## WHAT THE TASK ASKS:
Print every record exactly, but leave out the pictures.

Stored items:
○ ○ ○ ○

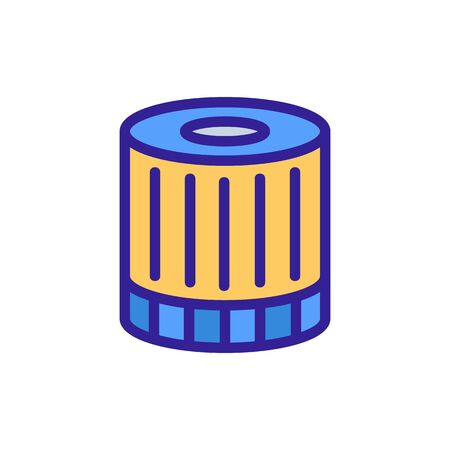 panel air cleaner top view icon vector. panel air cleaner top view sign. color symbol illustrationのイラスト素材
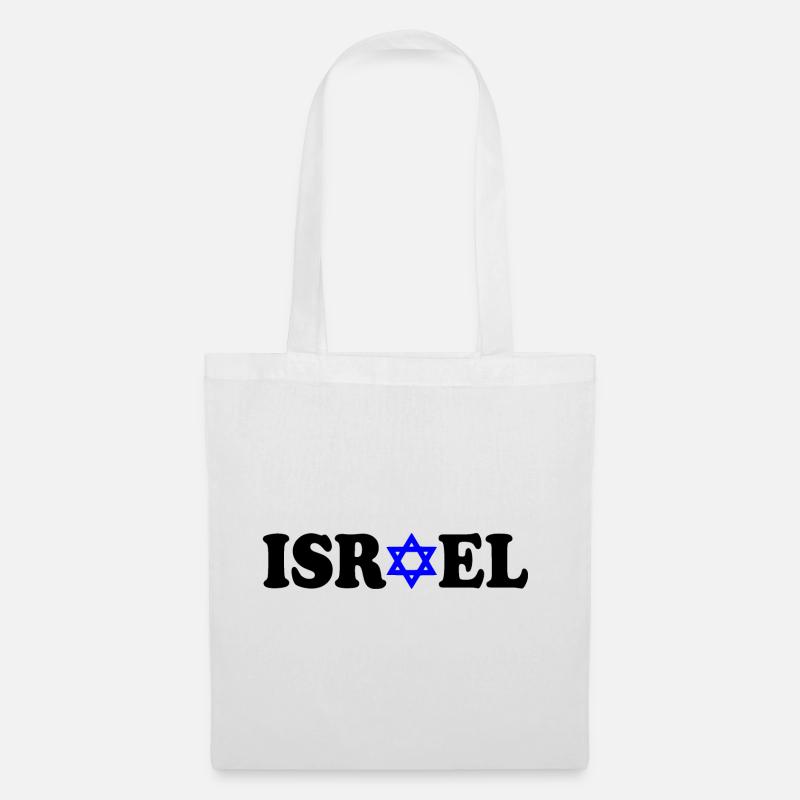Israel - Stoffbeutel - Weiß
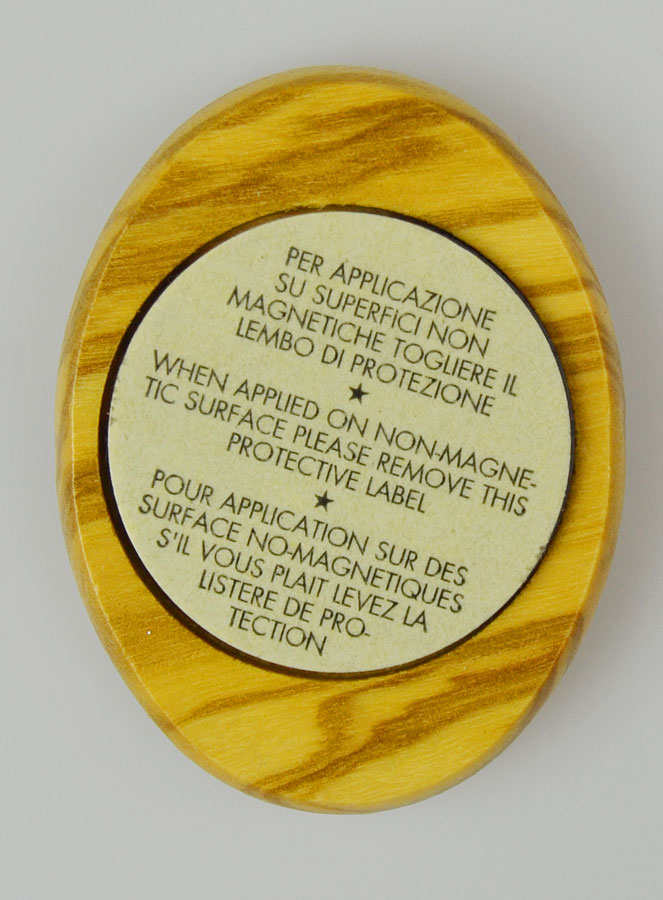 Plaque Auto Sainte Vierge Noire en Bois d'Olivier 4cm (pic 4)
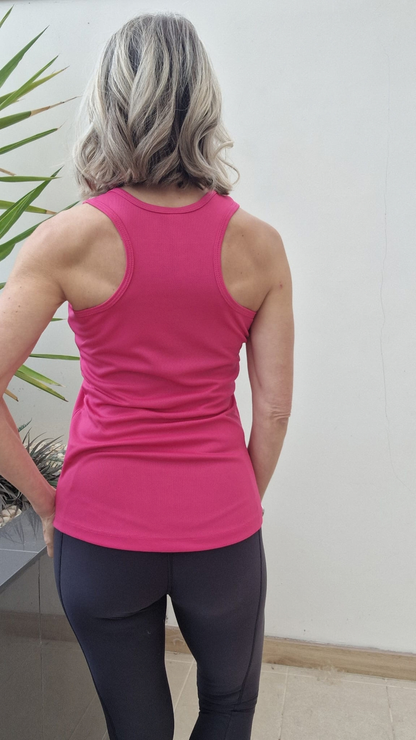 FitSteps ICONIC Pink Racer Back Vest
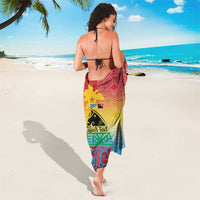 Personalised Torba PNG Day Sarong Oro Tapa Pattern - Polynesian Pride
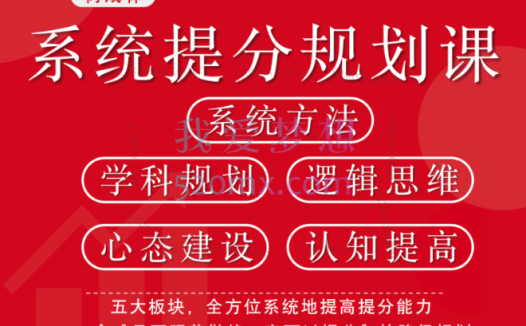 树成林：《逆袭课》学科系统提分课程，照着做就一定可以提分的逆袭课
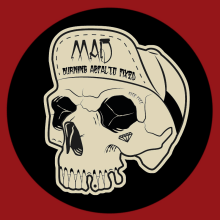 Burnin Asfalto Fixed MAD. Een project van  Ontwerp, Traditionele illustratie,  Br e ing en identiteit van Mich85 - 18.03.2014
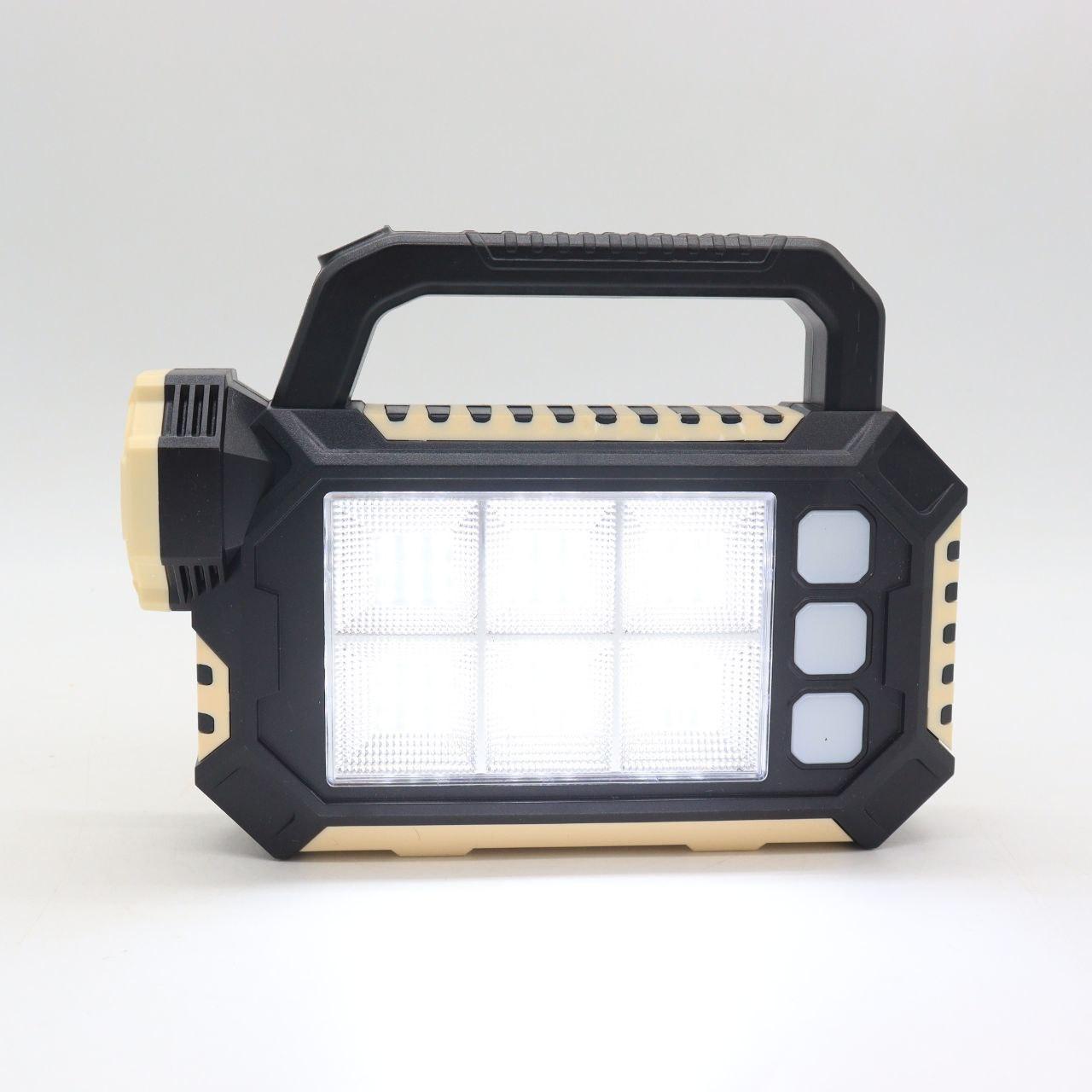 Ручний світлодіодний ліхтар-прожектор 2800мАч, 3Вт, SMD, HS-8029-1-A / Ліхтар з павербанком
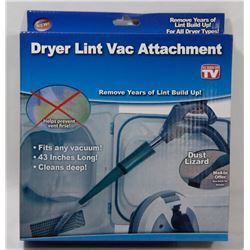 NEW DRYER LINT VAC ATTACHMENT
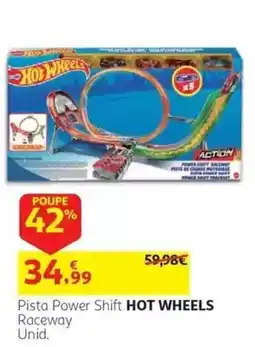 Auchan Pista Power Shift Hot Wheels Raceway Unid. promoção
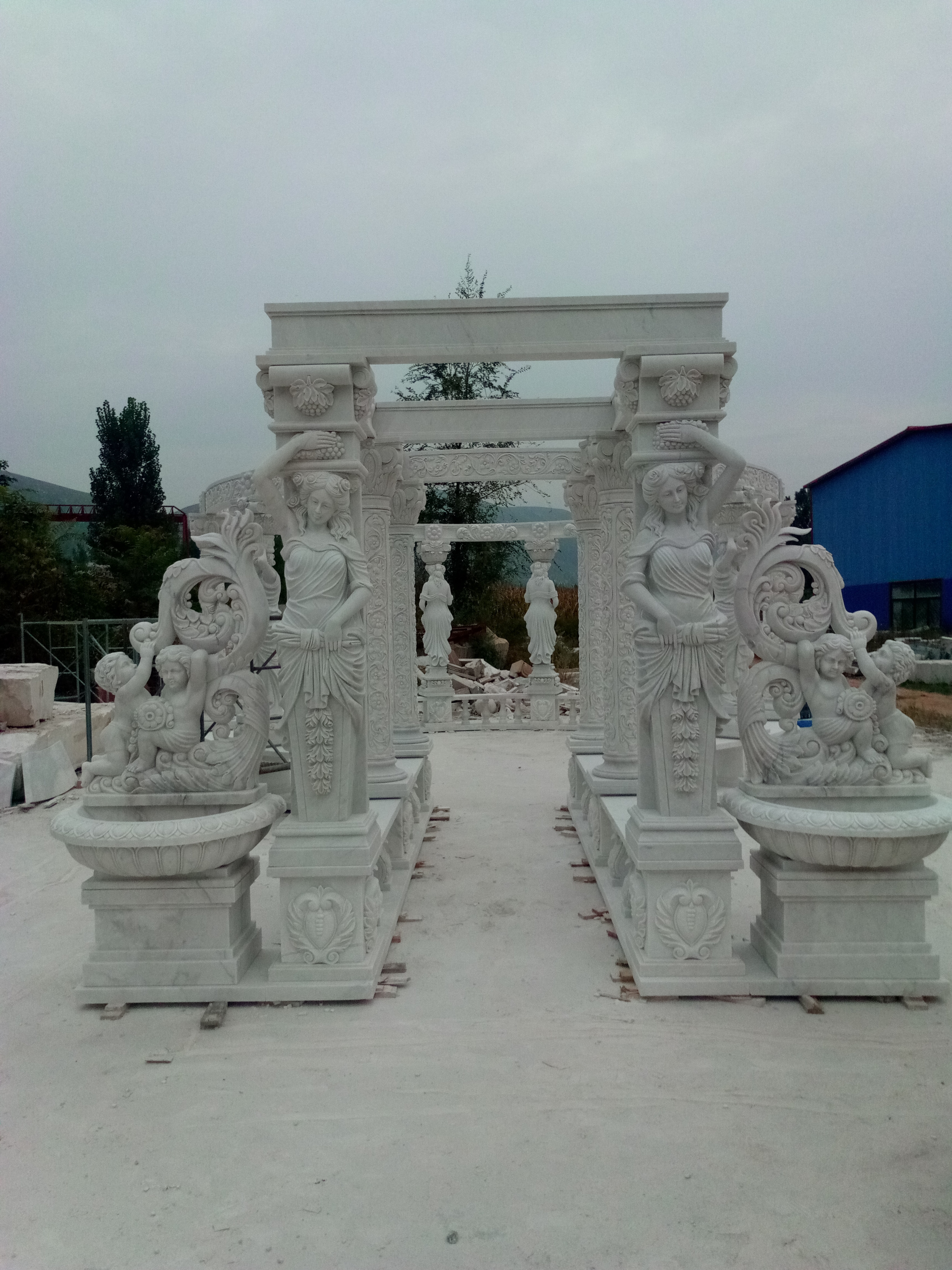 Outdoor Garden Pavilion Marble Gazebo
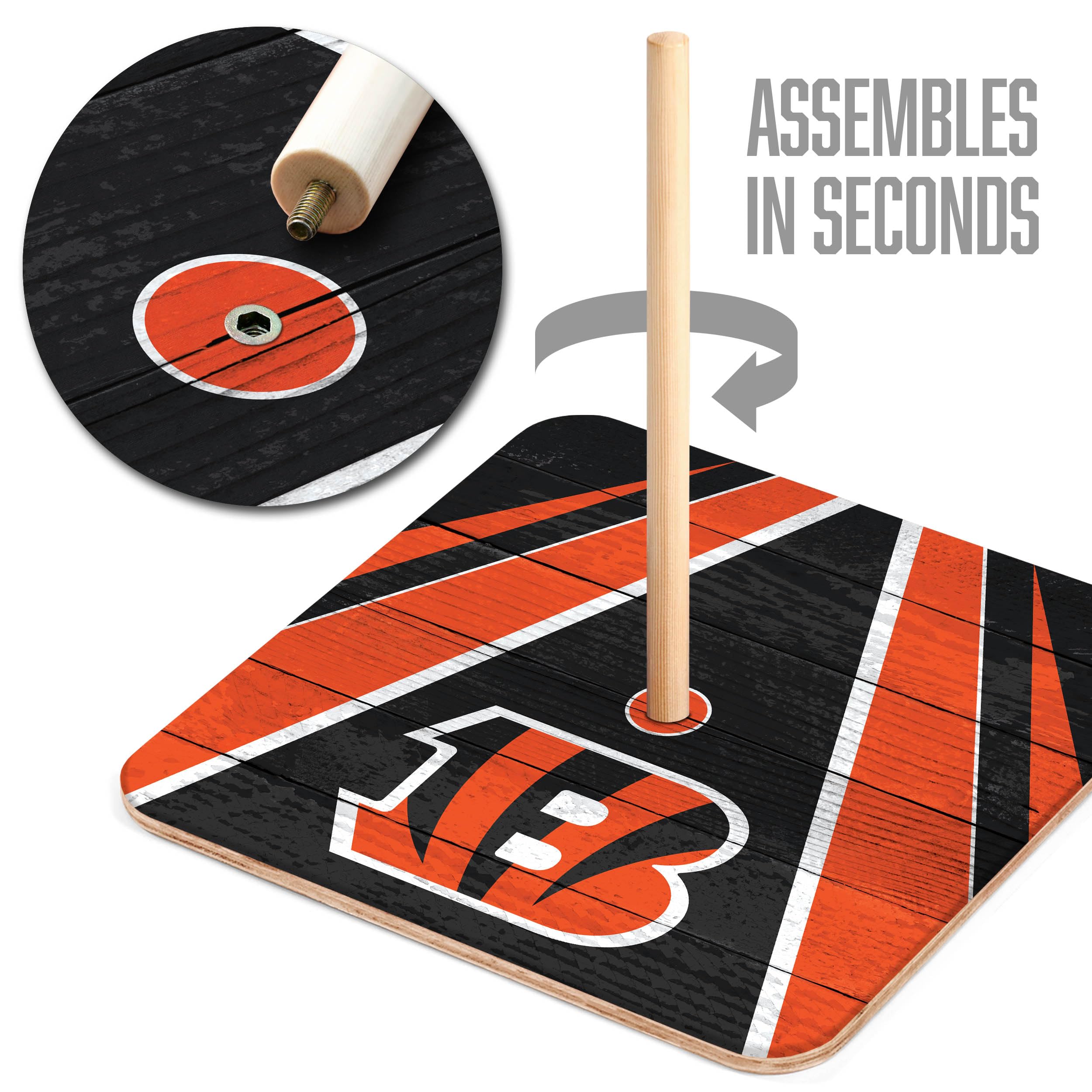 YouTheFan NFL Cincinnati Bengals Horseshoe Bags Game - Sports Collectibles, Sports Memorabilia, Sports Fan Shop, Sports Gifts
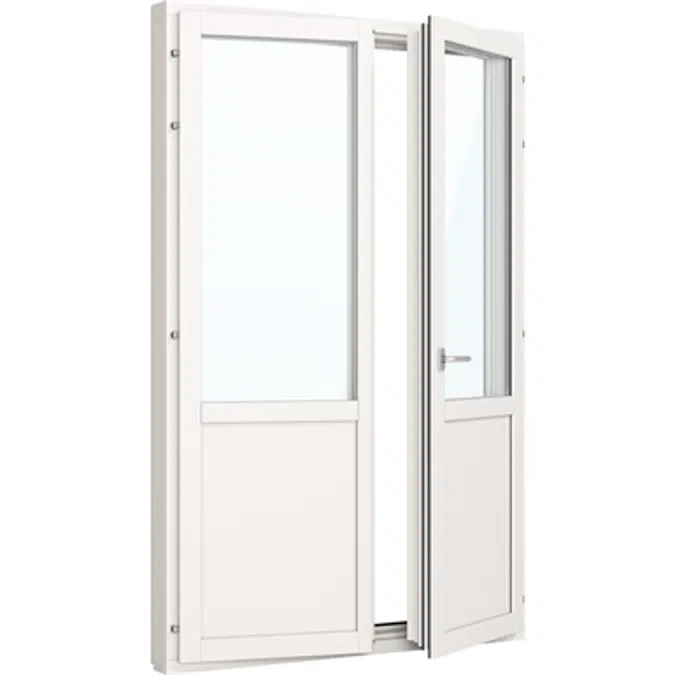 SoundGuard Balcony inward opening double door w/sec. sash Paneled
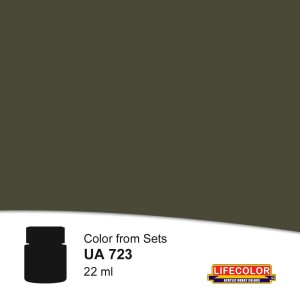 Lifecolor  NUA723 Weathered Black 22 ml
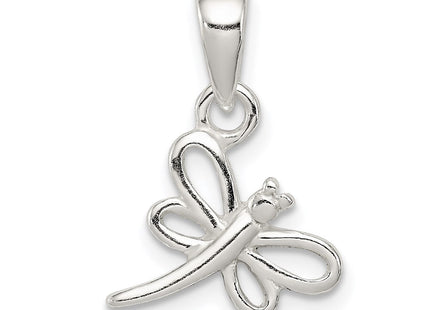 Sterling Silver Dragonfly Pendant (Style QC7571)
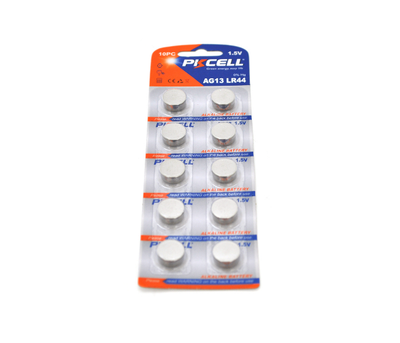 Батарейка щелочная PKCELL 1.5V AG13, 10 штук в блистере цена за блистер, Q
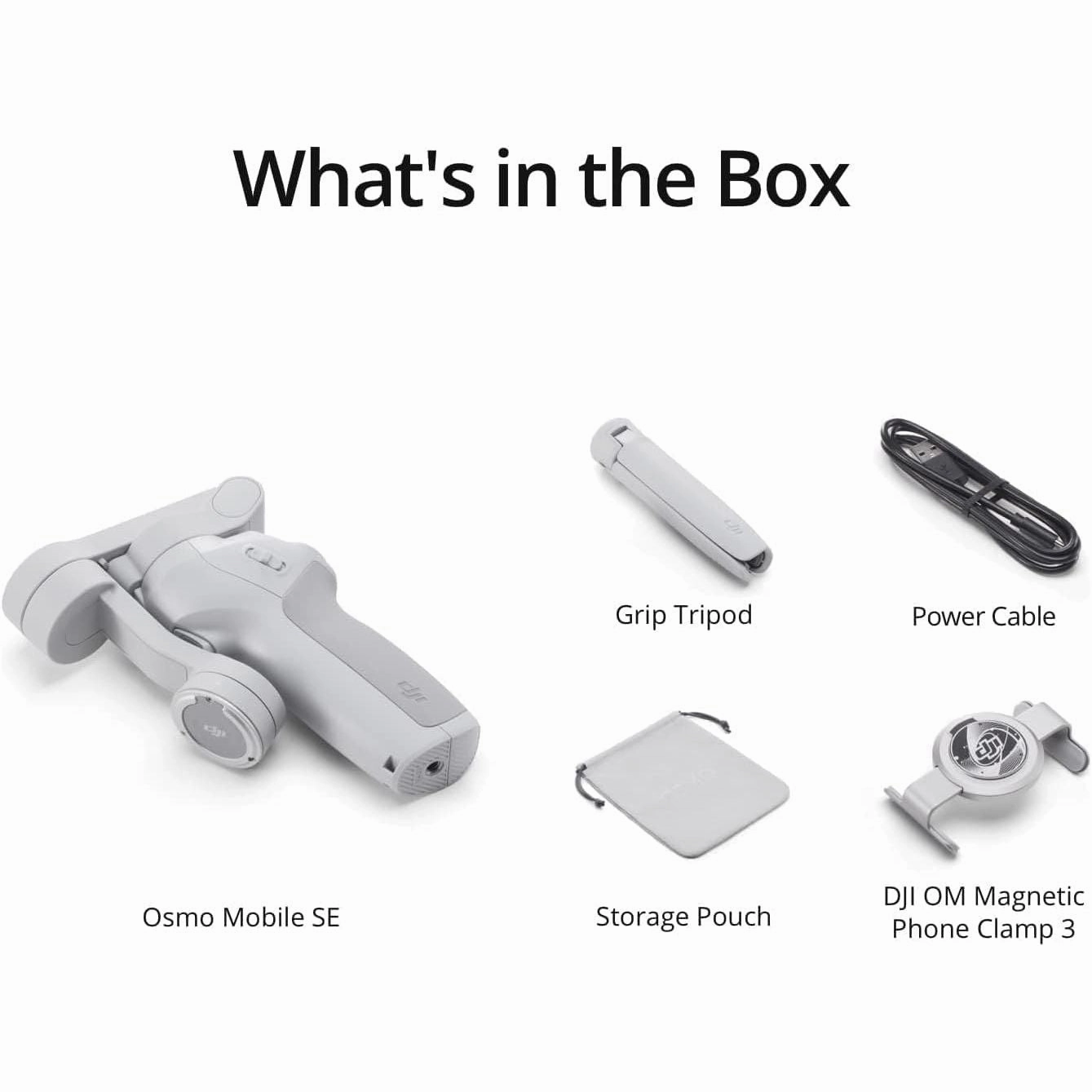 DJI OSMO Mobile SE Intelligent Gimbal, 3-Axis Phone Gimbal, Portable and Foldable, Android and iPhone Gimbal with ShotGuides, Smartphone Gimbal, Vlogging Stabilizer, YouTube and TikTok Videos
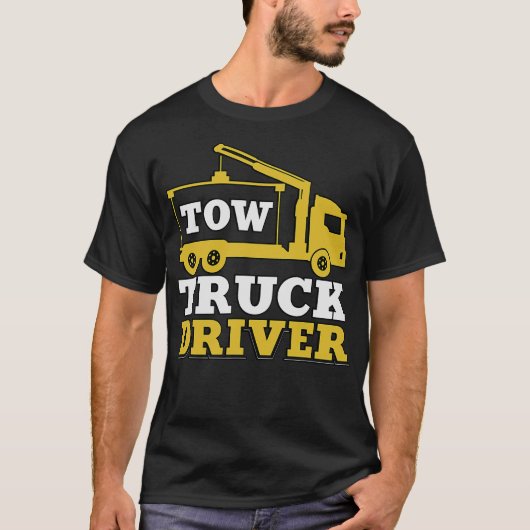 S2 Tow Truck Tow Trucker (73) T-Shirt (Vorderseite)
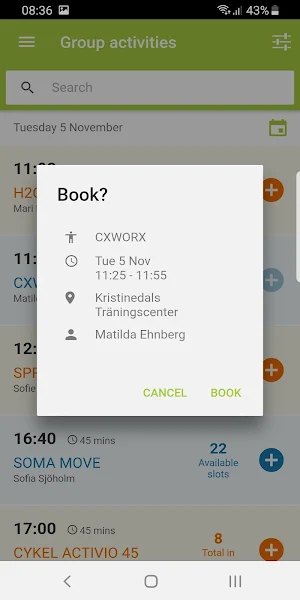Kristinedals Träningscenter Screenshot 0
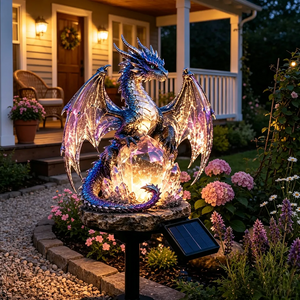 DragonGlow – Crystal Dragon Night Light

○ ○ ○ ○

## EXERCISE OUTPUT:
 panel air cleaner top view icon vector. panel air cleaner top view sign. color symbol illustrationのイラスト素材
Israel - Stoffbeutel - Weiß
 Plaque Auto Sainte Vierge Noire en Bois d'Olivier 4cm (pic 4)
 FitSteps ICONIC Pink Racer Back Vest
 Personalised Torba PNG Day Sarong Oro Tapa Pattern - Polynesian Pride
 树成林：《逆袭课》学科系统提分课程，照着做就一定可以提分的逆袭课
 Burnin Asfalto Fixed MAD. Een project van  Ontwerp, Traditionele illustratie,  Br e ing en identiteit van Mich85 - 18.03.2014
 Ручний світлодіодний ліхтар-прожектор 2800мАч, 3Вт, SMD, HS-8029-1-A / Ліхтар з павербанком
 NEW DRYER LINT VAC ATTACHMENT
 Auchan Pista Power Shift Hot Wheels Raceway Unid. promoção
 Outdoor Garden Pavilion Marble Gazebo
 YouTheFan NFL Cincinnati Bengals Horseshoe Bags Game - Sports Collectibles, Sports Memorabilia, Sports Fan Shop, Sports Gifts
 SoundGuard Balcony inward opening double door w/sec. sash Paneled
 Lifecolor  NUA723 Weathered Black 22 ml
 Sterling Silver Dragonfly Pendant (Style QC7571)
 Батарейка щелочная PKCELL 1.5V AG13, 10 штук в блистере цена за блистер, Q
 DJI OSMO Mobile SE Intelligent Gimbal, 3-Axis Phone Gimbal, Portable and Foldable, Android and iPhone Gimbal with ShotGuides, Smartphone Gimbal, Vlogging Stabilizer, YouTube and TikTok Videos
 S2 Tow Truck Tow Trucker (73) T-Shirt (Vorderseite)
Kristinedals Träningscenter Screenshot 0
 DragonGlow – Crystal Dragon Night Light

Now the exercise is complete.